それでは実際に、PM理論からみるリーダー像はどのようなタイプなのでしょうか。ここではリーダーをタイプ別に解説します。

タスク志向か?関係性重視か?

まずリーダーは大きく2つのタイプに分類されます。それは、タスク指向型のリーダーと関係指向型のリーダーです。

タスク指向型のリーダーは、目標達成に向けて目標設定・計画・実行・監査・報告など、タスクを重視する傾向があります。各タスクの達成を最優先にするので、メンバーのパフォーマンスや貢献度といった目に見える結果を評価しがちです。

一方、関係指向型のリーダーは、メンバーの関係性やコミュニケーションを重視する傾向があります。メンバーとの信頼関係を築き、意見交換やフィードバックなどでコミュニケーションを深め、メンバーのモチベーションやチームの結束力を高めようとします。

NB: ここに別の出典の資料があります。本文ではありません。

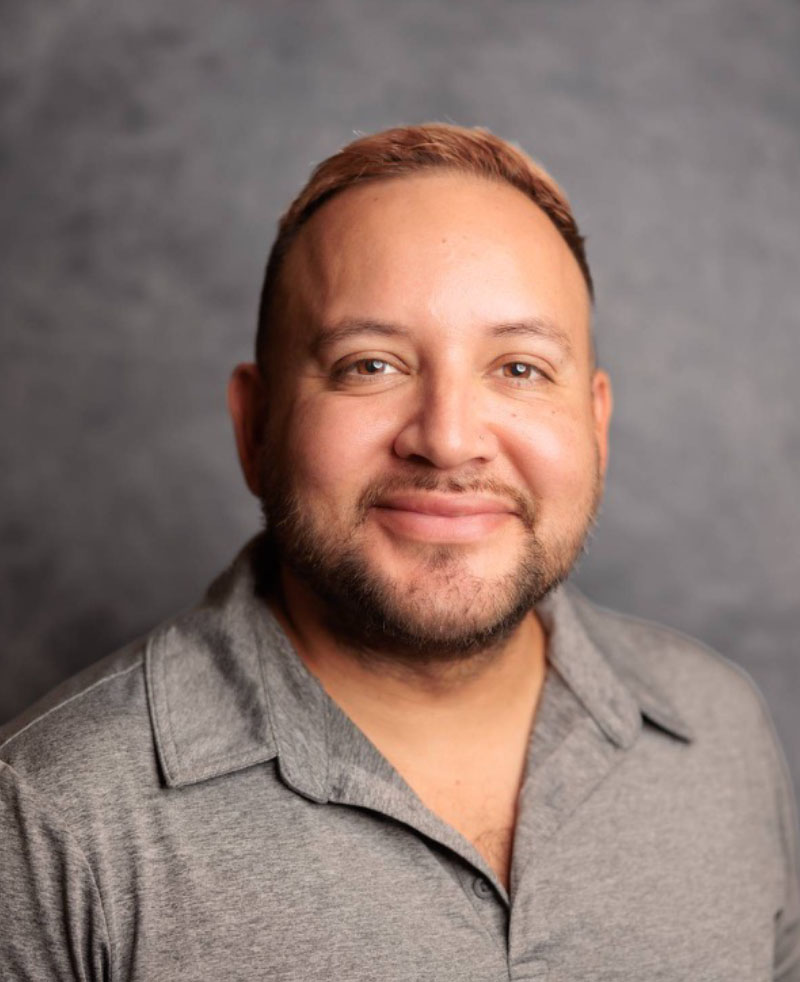 Meet Pablo Corona MSN-FNP-C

実際のリーダーシップでは双方の資質をバランスよく持つことが理想ですが、PM理論ではまず、この2つのタイプをさらに細分化してリーダーのタイプを診断します。

タイプ別診断!PM理論からわかる4つのリーダー像

そもそも目標達成機能と集団維持機能を備えていなければ、リーダーとは言い難いかも知れません。しかし、世の中のリーダーは十人十色です。

同じポジションでも人が変わればチームの方針も雰囲気も変わります。そのため、PM理論ではリーダーのタイプをさらに4つ分けて考えます。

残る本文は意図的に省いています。